Super bug resistance set to create ‘medical dark ages’ says AMA
The Australian Medical Association says in a new report released today, that resistance to super bugs and other antimicrobials has become an existential threat which must be addressed.
AMA President Professor Steve Robson said resistance to antimicrobials, including antibiotics, was being accelerated through globalisation, overprescribing in the human health and animal health industries, climate change, and the lack of progress in developing new effective drugs.
He said the world, including Australia, was heading for the medical dark ages if the problem was not addressed, with antimicrobial resistance set to become a leading cause of death by 2050.
The report, Antimicrobial resistance: the silent pandemic has been released to coincide with World Antimicrobial Awareness week.
“The report argues unless there are a number of changes within government and industry we are headed for the medical dark ages,” Professor Robson said.

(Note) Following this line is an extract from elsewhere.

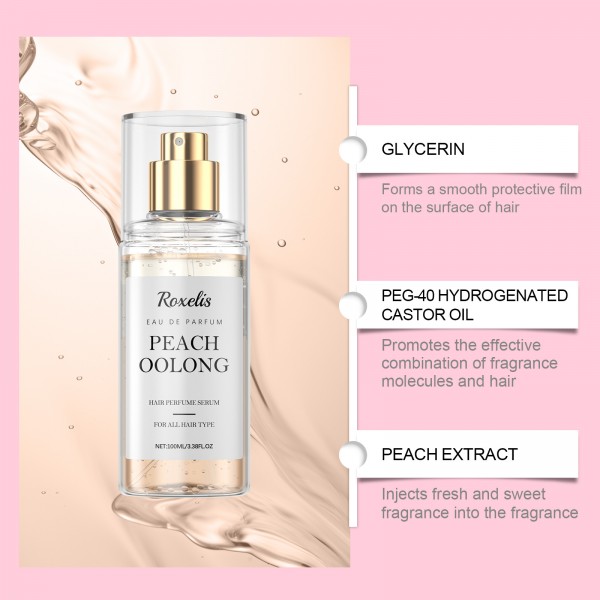 Спрей парфумований для волоося та тіла Roxelis Peach Oolong, персик та оолонг, 100 мл Спрей парфумований для волоося та тіла Roxelis Peach Oolong, персик та оолонг, 100 мл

“We are on track to return to a time where a superficial scratch could be life threatening, and the procedures and treatments which we now rely on are considered too risky to perform, due to risk of untreatable infection,” he said.
“Antimicrobial resistance is one of the most serious global health threats of the 21st century, documented in almost all regions of the world. Many consider it to be a silent global pandemic that will undermine healthcare systems and food safety and supply, and result in millions of deaths.”
Antibiotic resistance is one of the leading causes of death due to non-communicable disease globally, associated with almost 5 million deaths in 2019, with studies suggesting it could be responsible for 50 million deaths each year by 2050.
“It’s critical we address this, as it adds a significant burden to our already overstretched health system. Here in Australia, it’s estimated that antibiotic resistant infections add an additional $10,000 to the cost of treatment,” said Professor Robson.
Professor Robson said the Federal Government now had an opportunity to work with the scientific and medical research community to combat super bugs through the establishment of a new Centre for Disease Control.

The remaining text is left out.